Modernizing NCES’s Annual Reports (ARIS)

The AIR Annual Reports and Information Staff (ARIS) team has supported NCES in developing, producing, and disseminating high-quality, timely, and reliable statistical reports and web products on education topics of relevance to policy makers, researchers, and the general public. Our team has authored and produced several of the most widely used NCES publications (e.g., The Condition of Education (COE), The Digest of Education Statistics (Digest), and Indicators of School Crime and Safety). In addition to these annual reports, AIR also has been responsible for a variety of other recurring and one-time analytic, indicator, and tabular reports on education statistics (e.g., Study of the Title I, Part A Grant Program Mathematical Formulas and Student Access to Digital Learning Resources Outside of the Classroom).

Image
ARIS graphic

The work conducted under ARIS covers a wide range of subject areas related to key education topics (e.g., achievement gaps and college affordability Postsec affordability) and a wide range of data sources (e.g., sample, administrative, and assessment data including ECLS, HSLS, EDFacts, CCD, CRDC, IPDES, ACS, CPS). AIR staff also provide outreach support in various formats of social media postings, graphic, and video materials to reach diverse audiences. More recently, AIR has been supporting the development of the modernization and automation of ARIS and its various data products.
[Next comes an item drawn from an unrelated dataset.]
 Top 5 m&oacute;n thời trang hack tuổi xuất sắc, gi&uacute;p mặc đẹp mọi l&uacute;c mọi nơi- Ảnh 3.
AIR has developed the architecture and wireframes for a COE Web Portal that allows users easy access to all ARIS data products via relevant topic webpages. AIR is currently working on refining the database for all Digest data table components to support the development of interactive visual graphics, which was first released for 10 COE indicators in May 2022 and has continued to expand to a larger number of indicators for COE 2023 in May 2023. In addition to the updating of COE indicators to interactive figures, AIR has also been working on the development of the Digest State Dashboard. This dashboard is a new initiative that will provide a centralized location for users to access state-level education statistics. Data will be drawn from existing Digest tables and will cover a wide range of topics, including enrollments, teachers, graduation rates, standardized assessment scores, finances, and postsecondary tuition and fees.

The Challenge

In our current work towards modernization of the COE indicators, we are tasked with taking data from a wide range of data sources and putting it all into a database to streamline the process of creating interactive figures for use in the COE indicators and the Digest State Dashboard. To do this, we construct rules that the figures must follow to work towards a goal of automation of the creation of these figures. A significant portion of the project's challenges revolves around managing the diverse exceptions found in figures and tables, requiring the implementation of solutions capable of efficiently handling these exceptions while simultaneously managing a substantial workload. Our top priority is to respond to quick turnaround requests to get these COE indicators updated with new data and interactive features, while ensuring that high-quality statistical analyses and reporting procedures are applied consistently across tasks.

Our Role

AIR was tasked with creating a data pipeline that would streamline the multi-step data preparation, data analysis, and figure generation processes, working towards a goal of automation in the creation of interactive figures within the COE releases. In response to the challenge, the AIR ARIS team designed the machine-readable table (MRT) structure and created MRTs through web-scraping techniques for the current and future Digest tables. The MRT has a standardized format and facilitates access to and use of Digest table data by software programs to meet the requirements of the Open Data Act and the Foundations for Evidence-Based Policymaking Act. The ARIS modernization team’s data pipeline processes raw input files—such as CCD, IPEDS and CPS, cleans the content, and loads the resulting data into a database to be used in the generation of figures for the COE indicators. A web interface allows users to interact with the data to make further adjustments to generate public facing data products. The infrastructure was built using Azure, and the database is restricted to users with the correct credentials and a connection to the company VPN.

Outcome

AIR’s development of the MRT system and data pipeline has supported NCES in increasing the usability and accessibility of current and future Digest table data. The data pipeline has also allowed for the accurate and efficient creation of figures for use in COE indicators, with new interactive features previously not available to expand explorative opportunities within the data. We have now added interactive functionality to around 200 COE indicators, with more to come in the future.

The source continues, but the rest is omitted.